Training loss with contrastive pairs does not update after epoch

I’m training a pre-trained transformer with contrastive pairs using nn.MSELoss(). While loss is update after each batch, it does not change after each epoch.

def train_model():

    dataset = read_train_and_val_data()

    tokenizer = AutoTokenizer.from_pretrained('sentence-transformers/stsb-mpnet-base-v2',do_lower_case=True)

    dataset = dataset.map(
        lambda x: tokenizer(
                x['lhs'], max_length=128, padding='max_length',
                truncation=True, return_tensors='pt'
            ), batched=True, batch_size=2000, num_proc=32
    )
    

    dataset = dataset.rename_column('input_ids', 'lhs_ids')
    dataset = dataset.rename_column('attention_mask', 'lhs_mask')

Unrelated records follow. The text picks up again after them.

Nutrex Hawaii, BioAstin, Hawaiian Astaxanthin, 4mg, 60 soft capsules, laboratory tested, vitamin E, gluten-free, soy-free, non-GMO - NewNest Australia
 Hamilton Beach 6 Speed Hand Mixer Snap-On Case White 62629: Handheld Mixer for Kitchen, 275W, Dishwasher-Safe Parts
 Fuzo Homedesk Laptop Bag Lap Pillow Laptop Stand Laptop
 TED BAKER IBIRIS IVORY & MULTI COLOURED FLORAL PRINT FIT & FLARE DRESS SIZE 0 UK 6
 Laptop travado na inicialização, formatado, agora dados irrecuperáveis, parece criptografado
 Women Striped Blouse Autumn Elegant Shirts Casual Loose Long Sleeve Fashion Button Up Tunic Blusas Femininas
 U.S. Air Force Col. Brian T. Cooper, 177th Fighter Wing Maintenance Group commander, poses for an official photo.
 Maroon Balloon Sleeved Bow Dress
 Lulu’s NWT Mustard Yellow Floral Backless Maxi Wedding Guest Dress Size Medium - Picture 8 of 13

    dataset = dataset.map(
        lambda x: tokenizer(
                x['rhs'], max_length=128, padding='max_length',
                truncation=True, return_tensors='pt'
        ), batched=True, batch_size=2000, num_proc=32
    )

    dataset = dataset.rename_column('input_ids', 'rhs_ids') 
    dataset = dataset.rename_column('attention_mask', 'rhs_mask')
    dataset = dataset.remove_columns(['rhs', 'lhs'])

    # Initialize dataloader
    dataset.set_format(type='torch', output_all_columns=True)

    #save dataset to pickle file
    with open("train_dataset.pk", "wb") as train_file:
        pickle.dump(dataset, train_file)

    with open("train_dataset.pk", "rb") as train_file:
        dataset = pickle.load(train_file)


    batch_size = 128

    loader = torch.utils.data.DataLoader(dataset, batch_size=batch_size, num_workers=16)
    # model = nn.DataParallel( BertModel.from_pretrained('bert-base-uncased'))
    model = AutoModel.from_pretrained('sentence-transformers/stsb-mpnet-base-v2')
    model = nn.DataParallel(model)
    model.to(device)

    cos_sim = torch.nn.CosineSimilarity()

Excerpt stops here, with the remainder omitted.